Necip Celal’in bestelediği 11 tangosunun son üç tanesi hariç hepsi Seyyan Hanım tarafından plağa okunmuştur. Ülkemizde yayınlanan bir Türkçe tango “Mazi”nin ilk solisti Seyyan Hanım olmuştur.1931-32 yıllarında. Genel 30’lu yıllar içinde Münir Nureddin “Ayrılık” isimli tangoyu plağa kayıt etmiş, fakat bundan sonra tango plağı yapmamıştır. “Suna, Özleyiş, Kimse Sevgimi Bilmez, Yıllar, Günler, Bir An İçin.” Mazi ve Ayrılık isimli tangolar, Necip Celal’in ayrı ayrı güzellikte, çok popüler olmuş tangolarıdır. O günleri bilen tangoseverlerin unutamadıkları isimlerdir bunlar.
Necip Celal’in plak olarak yayımlanmamış, sözlerini de kendisinin yazdığı son üç tangosu vardır: “Benim Şarkım”, bunun notası notası yayımlanmıştır, kapak düzenini karikatür sanatçısı Nemci Rıza Ayça yapmıştır ve notanın üzerinde opus 14 sayısı vardır. “Geçmiş Zaman” opus 13 sayısının taşırı, fakat notası yayımlanmamıştır.Bu tangonun sözlerini Necip Celal, “Geçmiş zaman olur ki hayali cihan değer” atasözünden esinlenerek yazmıştır.

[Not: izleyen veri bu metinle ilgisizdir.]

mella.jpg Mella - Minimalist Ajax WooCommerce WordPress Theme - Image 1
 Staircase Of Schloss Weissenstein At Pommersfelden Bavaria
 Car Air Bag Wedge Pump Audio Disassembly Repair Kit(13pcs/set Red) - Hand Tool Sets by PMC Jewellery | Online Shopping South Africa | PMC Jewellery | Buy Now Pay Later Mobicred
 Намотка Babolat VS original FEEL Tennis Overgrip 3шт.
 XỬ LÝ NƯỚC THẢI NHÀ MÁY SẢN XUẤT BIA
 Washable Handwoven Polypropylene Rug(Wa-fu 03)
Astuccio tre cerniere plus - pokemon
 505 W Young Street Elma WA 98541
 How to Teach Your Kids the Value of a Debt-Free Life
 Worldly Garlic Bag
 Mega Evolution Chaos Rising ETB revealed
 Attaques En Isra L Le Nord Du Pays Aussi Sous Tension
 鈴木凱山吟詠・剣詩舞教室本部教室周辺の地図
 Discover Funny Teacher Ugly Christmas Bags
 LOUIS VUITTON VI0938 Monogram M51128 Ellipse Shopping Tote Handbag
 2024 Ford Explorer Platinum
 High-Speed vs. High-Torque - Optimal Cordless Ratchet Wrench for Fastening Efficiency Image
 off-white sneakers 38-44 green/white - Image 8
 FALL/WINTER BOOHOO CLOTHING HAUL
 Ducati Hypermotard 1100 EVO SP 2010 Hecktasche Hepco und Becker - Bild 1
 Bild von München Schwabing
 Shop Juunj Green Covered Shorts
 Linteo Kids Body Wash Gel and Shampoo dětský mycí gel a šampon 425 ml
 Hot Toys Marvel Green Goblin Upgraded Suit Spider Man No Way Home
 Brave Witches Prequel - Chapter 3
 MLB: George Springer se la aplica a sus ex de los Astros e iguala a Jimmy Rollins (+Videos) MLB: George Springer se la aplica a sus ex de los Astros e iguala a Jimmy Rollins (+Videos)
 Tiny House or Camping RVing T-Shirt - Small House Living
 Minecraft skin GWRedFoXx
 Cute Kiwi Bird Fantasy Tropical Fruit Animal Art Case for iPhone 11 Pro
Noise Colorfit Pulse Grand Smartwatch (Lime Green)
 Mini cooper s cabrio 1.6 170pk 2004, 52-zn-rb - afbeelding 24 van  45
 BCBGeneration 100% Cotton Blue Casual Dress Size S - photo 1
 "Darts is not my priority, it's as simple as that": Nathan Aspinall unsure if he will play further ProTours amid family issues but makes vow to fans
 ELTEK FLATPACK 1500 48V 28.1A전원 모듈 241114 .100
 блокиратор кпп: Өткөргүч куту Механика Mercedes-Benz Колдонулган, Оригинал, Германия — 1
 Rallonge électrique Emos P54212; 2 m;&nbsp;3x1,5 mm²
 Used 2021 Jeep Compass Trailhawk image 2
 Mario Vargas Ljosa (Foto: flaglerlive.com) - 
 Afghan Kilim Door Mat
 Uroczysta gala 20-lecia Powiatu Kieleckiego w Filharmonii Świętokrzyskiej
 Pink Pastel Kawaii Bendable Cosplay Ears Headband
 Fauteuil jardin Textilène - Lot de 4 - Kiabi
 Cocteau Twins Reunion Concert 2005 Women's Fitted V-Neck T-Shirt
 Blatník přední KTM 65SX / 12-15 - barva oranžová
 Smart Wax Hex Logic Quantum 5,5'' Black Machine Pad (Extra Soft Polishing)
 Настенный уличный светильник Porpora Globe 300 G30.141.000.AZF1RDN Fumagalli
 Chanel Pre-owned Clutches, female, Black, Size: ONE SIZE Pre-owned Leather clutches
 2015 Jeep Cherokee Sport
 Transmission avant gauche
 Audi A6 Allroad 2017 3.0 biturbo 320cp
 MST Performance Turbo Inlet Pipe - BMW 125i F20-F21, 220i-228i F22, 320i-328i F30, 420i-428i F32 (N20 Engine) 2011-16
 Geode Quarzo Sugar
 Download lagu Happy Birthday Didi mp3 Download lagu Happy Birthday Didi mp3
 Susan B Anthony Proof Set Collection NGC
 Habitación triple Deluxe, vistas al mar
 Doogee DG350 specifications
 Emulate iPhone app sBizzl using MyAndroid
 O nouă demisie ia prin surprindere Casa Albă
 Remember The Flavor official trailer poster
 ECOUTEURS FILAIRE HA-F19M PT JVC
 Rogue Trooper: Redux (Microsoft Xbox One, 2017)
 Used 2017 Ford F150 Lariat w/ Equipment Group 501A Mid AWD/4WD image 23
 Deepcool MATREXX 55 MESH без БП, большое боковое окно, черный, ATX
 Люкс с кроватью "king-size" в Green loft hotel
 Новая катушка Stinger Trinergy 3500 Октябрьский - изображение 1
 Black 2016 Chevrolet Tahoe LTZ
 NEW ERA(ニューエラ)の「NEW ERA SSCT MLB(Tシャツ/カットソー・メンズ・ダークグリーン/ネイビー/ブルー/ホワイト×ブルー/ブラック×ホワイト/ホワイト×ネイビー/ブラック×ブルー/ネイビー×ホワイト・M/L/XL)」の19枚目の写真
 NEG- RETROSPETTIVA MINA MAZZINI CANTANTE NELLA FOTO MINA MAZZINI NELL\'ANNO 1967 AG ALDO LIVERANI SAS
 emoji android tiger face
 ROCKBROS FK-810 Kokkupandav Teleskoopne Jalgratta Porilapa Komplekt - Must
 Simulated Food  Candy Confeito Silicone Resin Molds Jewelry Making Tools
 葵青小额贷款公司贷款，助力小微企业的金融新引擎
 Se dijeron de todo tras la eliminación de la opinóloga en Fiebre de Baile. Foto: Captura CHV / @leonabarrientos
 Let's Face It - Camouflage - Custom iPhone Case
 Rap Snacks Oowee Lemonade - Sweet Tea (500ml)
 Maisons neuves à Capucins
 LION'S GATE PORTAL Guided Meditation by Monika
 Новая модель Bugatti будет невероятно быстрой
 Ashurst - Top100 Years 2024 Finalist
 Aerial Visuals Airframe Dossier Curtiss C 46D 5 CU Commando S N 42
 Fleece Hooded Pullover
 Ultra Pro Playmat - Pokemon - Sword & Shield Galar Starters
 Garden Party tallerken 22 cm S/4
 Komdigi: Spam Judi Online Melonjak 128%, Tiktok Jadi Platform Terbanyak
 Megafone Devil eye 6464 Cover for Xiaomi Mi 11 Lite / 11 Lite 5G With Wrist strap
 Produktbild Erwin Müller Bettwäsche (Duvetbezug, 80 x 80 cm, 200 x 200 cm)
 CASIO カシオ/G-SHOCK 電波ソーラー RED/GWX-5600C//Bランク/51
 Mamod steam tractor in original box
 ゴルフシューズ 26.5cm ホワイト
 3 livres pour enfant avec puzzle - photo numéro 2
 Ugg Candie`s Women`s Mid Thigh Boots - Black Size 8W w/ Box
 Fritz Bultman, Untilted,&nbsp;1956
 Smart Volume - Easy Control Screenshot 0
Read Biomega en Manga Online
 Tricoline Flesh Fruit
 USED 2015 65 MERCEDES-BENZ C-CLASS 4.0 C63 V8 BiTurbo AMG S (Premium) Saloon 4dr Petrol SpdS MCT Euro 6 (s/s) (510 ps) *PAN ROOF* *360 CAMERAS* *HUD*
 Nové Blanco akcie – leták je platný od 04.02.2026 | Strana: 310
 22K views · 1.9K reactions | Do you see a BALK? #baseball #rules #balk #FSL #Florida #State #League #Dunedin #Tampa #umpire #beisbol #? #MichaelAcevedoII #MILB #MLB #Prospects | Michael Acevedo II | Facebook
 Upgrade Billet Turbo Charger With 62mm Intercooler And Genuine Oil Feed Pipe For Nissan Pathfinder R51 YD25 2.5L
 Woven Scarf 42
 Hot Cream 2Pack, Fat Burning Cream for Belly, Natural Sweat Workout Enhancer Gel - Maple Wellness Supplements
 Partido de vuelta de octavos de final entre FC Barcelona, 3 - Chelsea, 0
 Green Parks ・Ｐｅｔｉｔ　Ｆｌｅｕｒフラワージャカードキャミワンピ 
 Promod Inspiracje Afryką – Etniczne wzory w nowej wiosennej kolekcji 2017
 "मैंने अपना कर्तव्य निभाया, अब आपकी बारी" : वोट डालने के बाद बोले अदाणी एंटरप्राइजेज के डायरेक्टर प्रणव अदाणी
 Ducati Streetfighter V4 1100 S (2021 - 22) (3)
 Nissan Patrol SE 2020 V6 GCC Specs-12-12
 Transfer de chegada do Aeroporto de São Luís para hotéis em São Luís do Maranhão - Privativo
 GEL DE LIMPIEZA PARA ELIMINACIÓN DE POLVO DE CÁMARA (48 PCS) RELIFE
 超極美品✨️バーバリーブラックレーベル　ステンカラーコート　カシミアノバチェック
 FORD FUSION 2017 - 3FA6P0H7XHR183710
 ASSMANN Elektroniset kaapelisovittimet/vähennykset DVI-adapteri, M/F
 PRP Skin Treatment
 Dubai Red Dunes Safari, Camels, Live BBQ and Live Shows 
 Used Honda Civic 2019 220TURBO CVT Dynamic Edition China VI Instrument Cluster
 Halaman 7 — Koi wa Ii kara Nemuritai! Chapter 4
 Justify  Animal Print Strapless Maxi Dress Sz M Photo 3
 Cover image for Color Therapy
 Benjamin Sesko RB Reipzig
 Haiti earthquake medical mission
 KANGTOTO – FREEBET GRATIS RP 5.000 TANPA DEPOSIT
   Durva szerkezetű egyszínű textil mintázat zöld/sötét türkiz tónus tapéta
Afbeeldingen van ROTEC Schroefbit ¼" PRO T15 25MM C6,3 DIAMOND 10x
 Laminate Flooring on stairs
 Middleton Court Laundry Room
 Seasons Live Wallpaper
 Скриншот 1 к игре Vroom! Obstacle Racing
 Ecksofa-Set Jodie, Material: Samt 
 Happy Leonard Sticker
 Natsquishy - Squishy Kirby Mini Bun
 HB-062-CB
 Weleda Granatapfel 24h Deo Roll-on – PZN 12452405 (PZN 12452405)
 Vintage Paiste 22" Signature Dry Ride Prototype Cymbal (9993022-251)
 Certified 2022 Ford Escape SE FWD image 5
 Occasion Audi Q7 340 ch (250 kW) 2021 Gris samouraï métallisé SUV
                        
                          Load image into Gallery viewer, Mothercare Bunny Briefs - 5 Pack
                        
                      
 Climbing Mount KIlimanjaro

“Bir hakikat anlattı ki her insan, yalnız bir kere severmiş / Andıkça o sevgiyi zaman zaman, çok ıstırap çekermiş / Sevgi coşkun sel gibi akar geçer, arar gönüllerde bir yar. / Sonra taşar herkes içer / ister genç ister ihtiyar / Geçmiş zaman olur ki hayali cihan değer / Bir an acı duyar insan belki sevmişse biraz eğer / Anlar ki geçenlerin rüyasıymış hepsi meğer / Rüya olsa bile o günlerin hayali cihan değer.”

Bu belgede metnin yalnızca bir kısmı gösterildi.